Dachbegrünungssystem für Steildächer mit unterschiedlichem Gefälle

Ein Steildach mit Begrünung ist technisch aufwändiger zu realisieren als ein begrüntes Flachdach, bietet aber die gleichen Vorteile. Um das Steildach eines Wohnhauses in Unlingen zu begrünen, nutzte man aufgrund der unterschiedlichen Dachneigungen zwei verschiedene Gründachsysteme.

Einen grünen „Hut“ sollte das Holzhaus in Unlingen  im Landkreis Biberach erhalten – das war der ausdrückliche Wunsch der Bauherrin, die damit der Natur zumindest einen Teil der versiegelten Fläche zurückgeben wollte.

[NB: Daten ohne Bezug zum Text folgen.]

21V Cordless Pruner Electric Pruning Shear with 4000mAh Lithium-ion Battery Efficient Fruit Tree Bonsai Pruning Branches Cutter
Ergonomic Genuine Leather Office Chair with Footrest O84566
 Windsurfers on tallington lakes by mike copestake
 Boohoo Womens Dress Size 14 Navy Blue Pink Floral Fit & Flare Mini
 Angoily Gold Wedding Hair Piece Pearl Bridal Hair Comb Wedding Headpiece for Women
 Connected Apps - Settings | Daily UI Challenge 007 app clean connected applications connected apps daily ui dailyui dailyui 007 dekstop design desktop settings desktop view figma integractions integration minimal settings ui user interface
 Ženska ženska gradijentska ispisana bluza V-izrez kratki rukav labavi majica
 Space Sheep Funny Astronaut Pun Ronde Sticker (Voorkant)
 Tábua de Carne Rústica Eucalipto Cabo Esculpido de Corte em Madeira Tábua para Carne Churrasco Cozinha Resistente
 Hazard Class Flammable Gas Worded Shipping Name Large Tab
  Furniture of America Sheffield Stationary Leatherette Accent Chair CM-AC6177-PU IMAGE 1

Das Satteldach mit 20° beziehungsweise 30° Dachneigung wurde mit zwei unterschiedlichen Gründachsystemen von Zinco begrünt – mit den dazugehörigen Maßnahmen zur Schubabtragung und zum Erosionsschutz.

Das Holzhaus wurde von der Onoxo home, einer Marke der Kerngesund Haus GmbH aus Jungingen, in Holzrahmenbauweise erstellt und außenseitig mit einer Holzfaserdämmung versehen. Für den Bau des KfW 55-Hauses hat das Holzbauunternehmen auch Altholz verwendet, so wurde unter dem Motto „re-use“ die Holzfassade aus gebrauchten Nut- und Federbrettern gestaltet.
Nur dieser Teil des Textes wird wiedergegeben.